Your objective: Through the line that contains "Ray-Ban Junior RY1528 3659 2", return the data below exactly, starting at its first line; leave the rest out.

Web page caption snippets:

************

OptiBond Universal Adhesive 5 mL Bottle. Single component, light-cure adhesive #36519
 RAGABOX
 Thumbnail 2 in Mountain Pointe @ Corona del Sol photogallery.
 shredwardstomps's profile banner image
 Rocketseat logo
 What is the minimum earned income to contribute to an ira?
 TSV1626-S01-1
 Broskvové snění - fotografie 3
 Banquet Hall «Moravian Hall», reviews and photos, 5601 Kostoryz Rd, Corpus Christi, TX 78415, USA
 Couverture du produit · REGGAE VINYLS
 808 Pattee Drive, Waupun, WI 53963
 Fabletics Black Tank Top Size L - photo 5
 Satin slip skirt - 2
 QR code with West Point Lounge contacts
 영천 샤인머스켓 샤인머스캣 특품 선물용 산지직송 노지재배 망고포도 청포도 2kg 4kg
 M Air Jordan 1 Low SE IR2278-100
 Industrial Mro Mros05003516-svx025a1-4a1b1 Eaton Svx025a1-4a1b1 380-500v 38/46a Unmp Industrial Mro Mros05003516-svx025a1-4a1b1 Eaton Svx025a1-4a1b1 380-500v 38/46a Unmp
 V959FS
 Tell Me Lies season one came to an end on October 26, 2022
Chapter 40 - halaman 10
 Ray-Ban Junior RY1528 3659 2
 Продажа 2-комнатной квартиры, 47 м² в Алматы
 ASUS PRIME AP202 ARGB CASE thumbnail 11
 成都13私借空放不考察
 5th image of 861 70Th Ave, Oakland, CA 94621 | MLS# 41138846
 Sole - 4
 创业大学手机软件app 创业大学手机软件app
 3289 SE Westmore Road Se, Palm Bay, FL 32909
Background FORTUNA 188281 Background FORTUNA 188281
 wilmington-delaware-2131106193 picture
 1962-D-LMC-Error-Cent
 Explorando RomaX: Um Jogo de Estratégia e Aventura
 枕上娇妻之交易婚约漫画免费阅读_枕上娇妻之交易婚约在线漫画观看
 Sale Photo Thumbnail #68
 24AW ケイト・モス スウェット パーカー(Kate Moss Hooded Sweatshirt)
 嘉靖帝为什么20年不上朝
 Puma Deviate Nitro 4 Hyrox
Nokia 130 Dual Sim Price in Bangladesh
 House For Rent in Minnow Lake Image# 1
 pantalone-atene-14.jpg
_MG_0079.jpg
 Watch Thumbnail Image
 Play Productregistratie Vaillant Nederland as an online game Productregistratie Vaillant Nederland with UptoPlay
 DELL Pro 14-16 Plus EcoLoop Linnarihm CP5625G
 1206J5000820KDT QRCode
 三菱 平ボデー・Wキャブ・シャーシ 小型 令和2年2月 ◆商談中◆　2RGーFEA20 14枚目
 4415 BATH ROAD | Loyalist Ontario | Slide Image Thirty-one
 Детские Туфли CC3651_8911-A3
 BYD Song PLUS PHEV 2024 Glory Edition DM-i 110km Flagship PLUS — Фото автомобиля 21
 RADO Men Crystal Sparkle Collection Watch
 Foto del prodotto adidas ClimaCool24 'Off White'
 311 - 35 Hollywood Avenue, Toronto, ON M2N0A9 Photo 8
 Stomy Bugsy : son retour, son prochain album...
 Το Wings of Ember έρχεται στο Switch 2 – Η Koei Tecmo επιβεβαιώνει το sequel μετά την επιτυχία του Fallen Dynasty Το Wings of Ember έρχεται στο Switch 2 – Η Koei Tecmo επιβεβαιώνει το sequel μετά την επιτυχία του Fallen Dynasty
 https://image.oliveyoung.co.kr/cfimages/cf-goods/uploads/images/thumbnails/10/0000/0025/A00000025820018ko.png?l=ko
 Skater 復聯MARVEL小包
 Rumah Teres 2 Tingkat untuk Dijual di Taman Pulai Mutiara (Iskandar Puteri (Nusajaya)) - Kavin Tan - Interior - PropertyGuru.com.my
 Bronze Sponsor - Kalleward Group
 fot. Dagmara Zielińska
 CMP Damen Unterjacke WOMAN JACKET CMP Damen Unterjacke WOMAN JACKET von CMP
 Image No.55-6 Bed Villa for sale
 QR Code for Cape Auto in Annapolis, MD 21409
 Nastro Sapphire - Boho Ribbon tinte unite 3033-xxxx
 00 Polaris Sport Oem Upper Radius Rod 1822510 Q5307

************

Task answer:
OptiBond Universal Adhesive 5 mL Bottle. Single component, light-cure adhesive #36519
 RAGABOX
 Thumbnail 2 in Mountain Pointe @ Corona del Sol photogallery.
 shredwardstomps's profile banner image
 Rocketseat logo
 What is the minimum earned income to contribute to an ira?
 TSV1626-S01-1
 Broskvové snění - fotografie 3
 Banquet Hall «Moravian Hall», reviews and photos, 5601 Kostoryz Rd, Corpus Christi, TX 78415, USA
 Couverture du produit · REGGAE VINYLS
 808 Pattee Drive, Waupun, WI 53963
 Fabletics Black Tank Top Size L - photo 5
 Satin slip skirt - 2
 QR code with West Point Lounge contacts
 영천 샤인머스켓 샤인머스캣 특품 선물용 산지직송 노지재배 망고포도 청포도 2kg 4kg
 M Air Jordan 1 Low SE IR2278-100
 Industrial Mro Mros05003516-svx025a1-4a1b1 Eaton Svx025a1-4a1b1 380-500v 38/46a Unmp Industrial Mro Mros05003516-svx025a1-4a1b1 Eaton Svx025a1-4a1b1 380-500v 38/46a Unmp
 V959FS
 Tell Me Lies season one came to an end on October 26, 2022
Chapter 40 - halaman 10
 Ray-Ban Junior RY1528 3659 2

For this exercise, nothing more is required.